How far does Hirsch's theory go in perpetuating and supporting (perhaps unintentionally? I can't really tell from Hirsch himself) the social inequality while upholding its peculiar values and world views?

Where are the next steps in Hirsch's cultural literacy programs that teach minority and poor students to move with strength in dismantling the status quo? I've never found them.

Hirsch, like Zig Englemann (Direct Instruction founder) has been the worst enemy of his own theories due to his personal arrogance.

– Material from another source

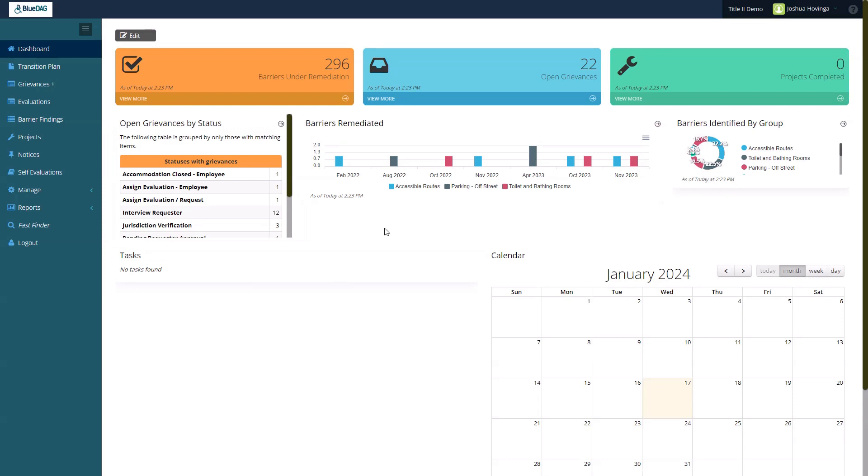Hello, this is Jonathan, your Client Support Specialist at BlueDMG. Today we'll look at two new software features introduced with BlueDMG version 4.4, Jurisdiction Boundary and the Grievances Public View.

Both Hirsch and Englemann have valuable ideas and programs that have proved useful and quite successful in certain places with certain groups.

Both, however, stormed the education establishment with haughty cries of ineptitude, ignorance, and downright bad-faith investment from all stakeholders who's lifework predated them and who might also disagree with them. They then acted shocked when they were universally reviled and ignored.

A little more humility and a lot less hubris from 2 outsiders who stormed the ivory towers of the education establishment while mocking all the work and research of thousands that came before them might have seen their ideas and programs given a much wider trial and more willingness to give them a chance.

Instead both continue to produce offensive polemics that degrade and mock their enemies (anyone who doesn't acknowledge that they have found the grail) and their ideas are lost in the politics of grand personality. Something that doesn't speak well of Hirsch's own cultural literacy. He can't seem to resist blaming everyone else while refusing to be self-reflective enough to admit it might be at least partly himself that is to blame for his energetic opposition.

Doris said...

Hi, Another Chris--Your critique of Hirsch makes much sense to me.

Chris said...

Another Chris -- Thanks for the comment. (Sorry I'm so slow responding!) It's that leap from "I have a good idea" to "therefore I must impose it on everyone" that's a problem. Discussion continued here.